Mme D., mère de trois enfants en bas âge, regrette de devoir sortir du quartier le soir lorsqu’elle a oublié d’acheter du pain pendant la journée. Outre le manque de service à proximité, elle dénonce l’insécurité et le règne de la loi du silence.

"Lorsque des policiers nous questionnent, on n’a rien vu et rien entendu. La peur de voir son appartement braqué contraint les habitants à se taire"
. La jeune femme s’exprime d’un ton direct : "Je cherche à quitter la cité. Même quand j’habitais dans les quartiers Nord, je n’ai jamais eu autant de soucis." 

Cette mère de famille affirme cependant qu’il n’y a pas que des inconvénients à vivre ici. "Les appartements sont grands, éclairés et bien isolés pour la plupart. Je me sens bien une fois chez moi", reconnait-elle.
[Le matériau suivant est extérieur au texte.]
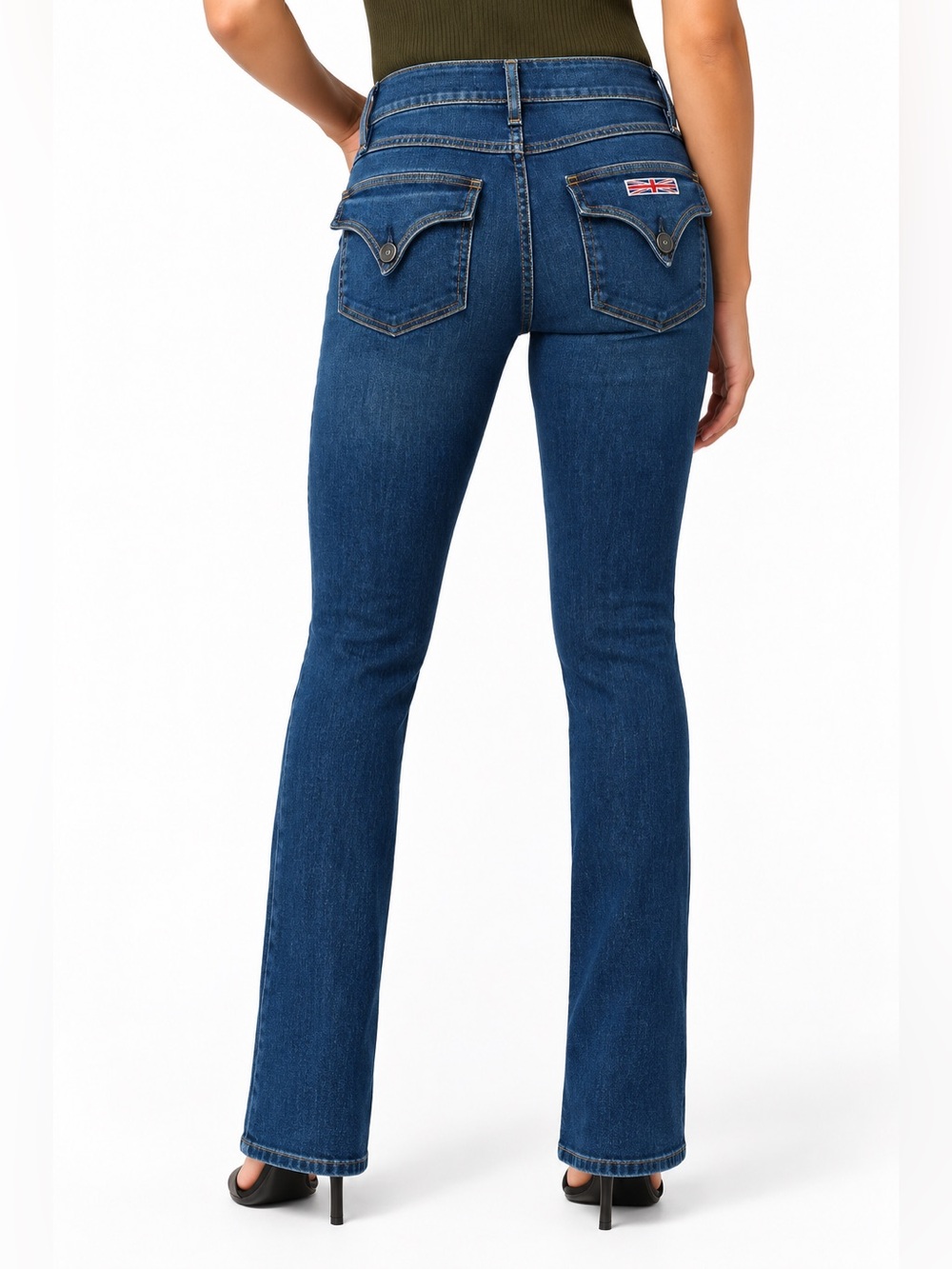 HUDSON Y2K Signature Bootcut Low Rise Dark Rinse Denim Jeans Button Flap Pockets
Avec la ligne de tram et les différents bus, la cité est finalement bien desservie. Le centre-ville de Marseille se situe à seulement vingt minutes en tram. A l’arrêt de bus, Barbara fume une cigarette. Agée de 21 ans, elle a emménagé il y a quatre mois dans le quartier et s’y plait.

"Tout le monde me déconseillait d’y aller à cause de sa mauvaise image, mais il ne m’est jamais rien arrivé depuis mon installation",  explique-t-elle avec le sourire.

A la pâtisserie du village de la Pomme, Mourad partage le même avis. Il a l’habitude de côtoyer les gens du quartier et refuse de les stigmatiser. "Contrairement à ce que les gens peuvent penser, les jeunes réputés difficiles font part d’un grand respect envers les autres habitants et les commerçants", explique-t-il.


"Des gens parqués, laissés à l’abandon" 
Au centre social, l’un des animateurs, la trentaine, connait bien les habitants d’Air-Bel pour travailler quotidiennement à leurs côtés. Comme beaucoup, il regrette la disparition des commerçants et la difficulté d’accès à la culture et l’éducation.

"C’est un problème politique avant tout", accuse-t-il avant d’ajouter : "tous ces gens ont été parqués ensemble puis laissé à l’abandon". Il évoque encore avec amertume les promesses des différents politiques en période de campagne électorale : "Mais une fois les élections passées, plus personne ne s’occupe d’Air Bel et les subventions sont difficiles à obtenir." 

Parfois, un projet est tout de même mené à bien. C’est le cas de la mini-crèche qui a récemment ouvert ses portes. Il explique que différentes mesures tendent à faciliter l’insertion des habitants souvent issus de l’immigration : "Nous proposons des cours d’alphabétisation, une aide pour rédiger des CV et les lettres de motivation. Des personnes de la CAF et des assistantes sociales viennent régulièrement sur place pour aider les habitants dans leurs démarches".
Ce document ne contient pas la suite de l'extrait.